Sainteté...

L'Histoire est déterminée par la guerre, la cupidité, la soif du pouvoir, la haine et la xénophobie (et quelques autres motivations, plus admirables, intervenant de-ci, de-là). Nous estimons donc généralement que notre nature fondamentale est définie par ces traits humains évidents. Ne nous a-ton pas souvent dit que l'"homme" est, par nature, agressif et ne cherche qu'à accumuler égoïstement des richesses ? 
[...] Il est évident que la gentillesse et la violence font partie toutes deux de notre nature, parce que nous les manifestons constamment toutes les deux, et abondamment. [... Mais] la stabilité sociale règne presque tout le temps et doit nécessairement être fondée sur l'écrasante prédominance (bien que tragiquement non reconnue) des actes de bienveillance, ce qui veut dire que ce dernier comportement est donc notre attitude préférée la plus habituelle, presque tout le temps. 
[...] Le noyau de la nature humaine est exprimé par ces dix mille actes ordinaires de gentillesse qui façonnent notre quotidien.

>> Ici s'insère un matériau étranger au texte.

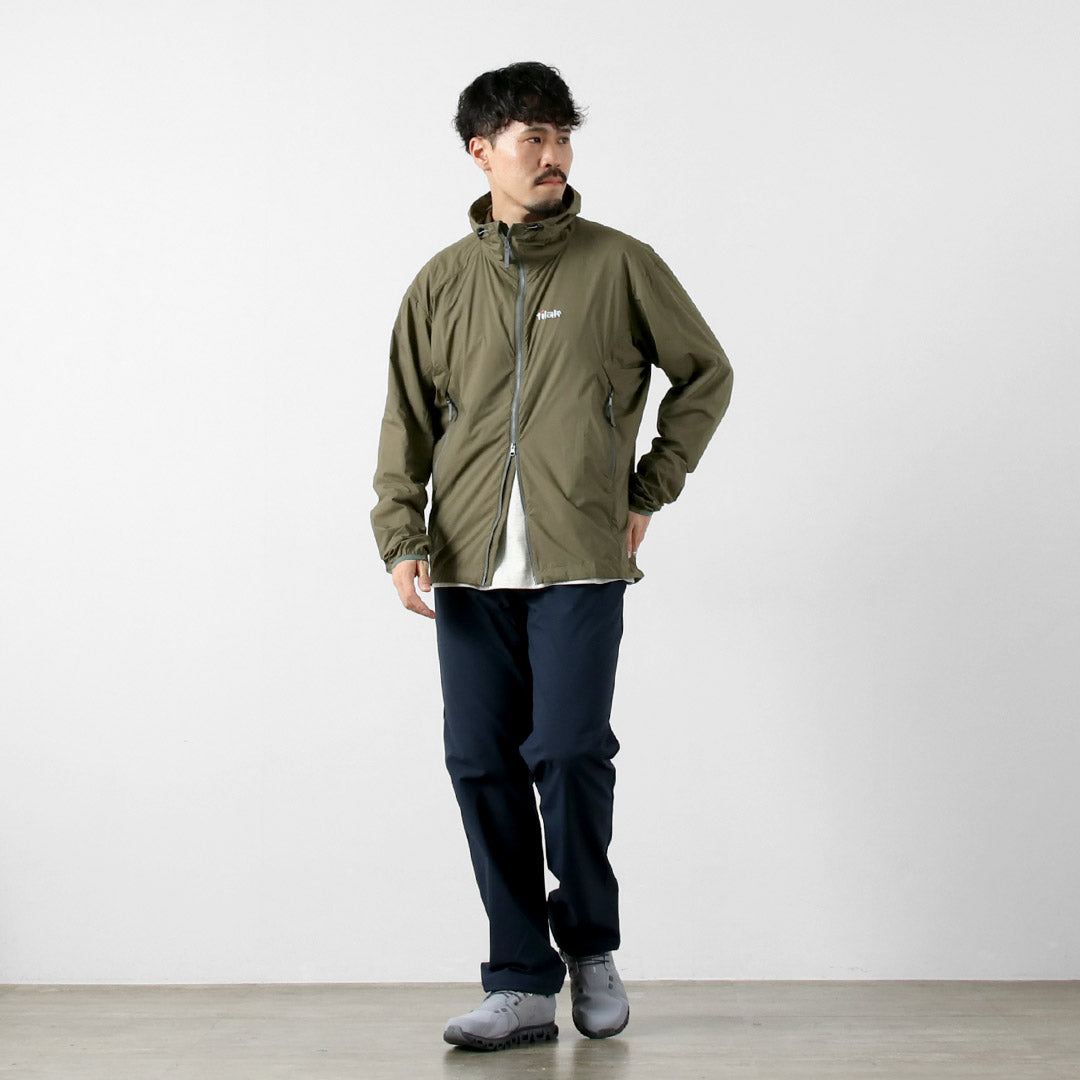 TILAK / Tind 夹克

Qu'y a-t-il de plus tragique que ce paradoxe fondamental selon lequel l'Everest de la bienveillance se tient la tête en bas, en équilibre sur sa pointe, et peut basculer facilement sous l'impact d'événements rares, contraires à notre nature quotidienne, mais qui déterminent notre Histoire. En un certain sens profond, nous n'avons pas ce que nous méritons. 

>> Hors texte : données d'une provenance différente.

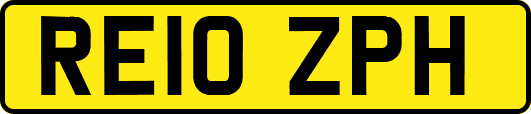 RE10ZPH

La solution à notre malheur ne consiste pas à vaincre notre "nature", mais à briser la "grande asymétrie" et à permettre à nos dispositions ordinaires de gouverner notre vie. Mais comment faire pour installer le banal sur le siège du pilote de l'histoire ?
Stephen JAY GOULD, Comme les huit doigts de la main, Point, 1996, p. 347.